# What is required
Restate the material verbatim, every line included.

----------------

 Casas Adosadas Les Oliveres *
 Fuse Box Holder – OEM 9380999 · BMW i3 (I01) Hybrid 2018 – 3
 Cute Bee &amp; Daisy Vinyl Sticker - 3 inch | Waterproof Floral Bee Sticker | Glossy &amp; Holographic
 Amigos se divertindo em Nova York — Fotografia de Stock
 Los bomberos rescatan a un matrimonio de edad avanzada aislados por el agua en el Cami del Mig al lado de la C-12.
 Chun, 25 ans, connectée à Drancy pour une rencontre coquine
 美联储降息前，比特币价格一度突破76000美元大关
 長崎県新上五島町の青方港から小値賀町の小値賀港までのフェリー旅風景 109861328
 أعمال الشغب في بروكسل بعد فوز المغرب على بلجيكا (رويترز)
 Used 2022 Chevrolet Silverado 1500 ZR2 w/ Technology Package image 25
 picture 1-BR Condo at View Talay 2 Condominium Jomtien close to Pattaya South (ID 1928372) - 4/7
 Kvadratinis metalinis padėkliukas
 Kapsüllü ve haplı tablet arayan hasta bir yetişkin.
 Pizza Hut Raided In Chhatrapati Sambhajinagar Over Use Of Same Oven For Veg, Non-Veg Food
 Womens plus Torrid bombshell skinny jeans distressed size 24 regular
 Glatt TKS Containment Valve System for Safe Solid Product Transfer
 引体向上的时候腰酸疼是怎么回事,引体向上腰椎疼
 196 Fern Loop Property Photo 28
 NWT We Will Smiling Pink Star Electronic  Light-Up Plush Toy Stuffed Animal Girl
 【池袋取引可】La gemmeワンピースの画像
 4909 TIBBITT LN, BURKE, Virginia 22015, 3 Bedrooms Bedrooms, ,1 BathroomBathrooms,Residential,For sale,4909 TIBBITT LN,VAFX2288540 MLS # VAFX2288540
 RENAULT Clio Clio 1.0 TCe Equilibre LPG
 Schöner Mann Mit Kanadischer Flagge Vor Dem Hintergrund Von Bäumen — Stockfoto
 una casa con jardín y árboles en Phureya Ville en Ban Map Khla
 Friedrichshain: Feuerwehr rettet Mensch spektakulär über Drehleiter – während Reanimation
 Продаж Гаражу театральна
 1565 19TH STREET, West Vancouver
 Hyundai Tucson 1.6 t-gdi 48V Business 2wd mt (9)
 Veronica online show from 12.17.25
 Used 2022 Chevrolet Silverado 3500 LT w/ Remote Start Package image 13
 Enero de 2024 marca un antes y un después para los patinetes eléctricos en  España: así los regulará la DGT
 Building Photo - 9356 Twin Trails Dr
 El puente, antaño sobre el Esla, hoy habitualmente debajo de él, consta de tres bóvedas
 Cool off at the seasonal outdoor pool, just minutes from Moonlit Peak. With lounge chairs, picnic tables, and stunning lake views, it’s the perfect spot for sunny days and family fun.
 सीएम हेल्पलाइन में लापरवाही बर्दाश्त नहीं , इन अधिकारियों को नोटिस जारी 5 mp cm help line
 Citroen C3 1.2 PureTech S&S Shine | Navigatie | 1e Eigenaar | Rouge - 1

----------------

# Your response
 Casas Adosadas Les Oliveres *
 Fuse Box Holder – OEM 9380999 · BMW i3 (I01) Hybrid 2018 – 3
 Cute Bee &amp; Daisy Vinyl Sticker - 3 inch | Waterproof Floral Bee Sticker | Glossy &amp; Holographic
 Amigos se divertindo em Nova York — Fotografia de Stock
 Los bomberos rescatan a un matrimonio de edad avanzada aislados por el agua en el Cami del Mig al lado de la C-12.
 Chun, 25 ans, connectée à Drancy pour une rencontre coquine
 美联储降息前，比特币价格一度突破76000美元大关
 長崎県新上五島町の青方港から小値賀町の小値賀港までのフェリー旅風景 109861328
 أعمال الشغب في بروكسل بعد فوز المغرب على بلجيكا (رويترز)
 Used 2022 Chevrolet Silverado 1500 ZR2 w/ Technology Package image 25
 picture 1-BR Condo at View Talay 2 Condominium Jomtien close to Pattaya South (ID 1928372) - 4/7
 Kvadratinis metalinis padėkliukas
 Kapsüllü ve haplı tablet arayan hasta bir yetişkin.
 Pizza Hut Raided In Chhatrapati Sambhajinagar Over Use Of Same Oven For Veg, Non-Veg Food
 Womens plus Torrid bombshell skinny jeans distressed size 24 regular
 Glatt TKS Containment Valve System for Safe Solid Product Transfer
 引体向上的时候腰酸疼是怎么回事,引体向上腰椎疼
 196 Fern Loop Property Photo 28
 NWT We Will Smiling Pink Star Electronic  Light-Up Plush Toy Stuffed Animal Girl
 【池袋取引可】La gemmeワンピースの画像
 4909 TIBBITT LN, BURKE, Virginia 22015, 3 Bedrooms Bedrooms, ,1 BathroomBathrooms,Residential,For sale,4909 TIBBITT LN,VAFX2288540 MLS # VAFX2288540
 RENAULT Clio Clio 1.0 TCe Equilibre LPG
 Schöner Mann Mit Kanadischer Flagge Vor Dem Hintergrund Von Bäumen — Stockfoto
 una casa con jardín y árboles en Phureya Ville en Ban Map Khla
 Friedrichshain: Feuerwehr rettet Mensch spektakulär über Drehleiter – während Reanimation
 Продаж Гаражу театральна
 1565 19TH STREET, West Vancouver
 Hyundai Tucson 1.6 t-gdi 48V Business 2wd mt (9)
 Veronica online show from 12.17.25
 Used 2022 Chevrolet Silverado 3500 LT w/ Remote Start Package image 13
 Enero de 2024 marca un antes y un después para los patinetes eléctricos en  España: así los regulará la DGT
 Building Photo - 9356 Twin Trails Dr
 El puente, antaño sobre el Esla, hoy habitualmente debajo de él, consta de tres bóvedas
 Cool off at the seasonal outdoor pool, just minutes from Moonlit Peak. With lounge chairs, picnic tables, and stunning lake views, it’s the perfect spot for sunny days and family fun.
 सीएम हेल्पलाइन में लापरवाही बर्दाश्त नहीं , इन अधिकारियों को नोटिस जारी 5 mp cm help line
 Citroen C3 1.2 PureTech S&S Shine | Navigatie | 1e Eigenaar | Rouge - 1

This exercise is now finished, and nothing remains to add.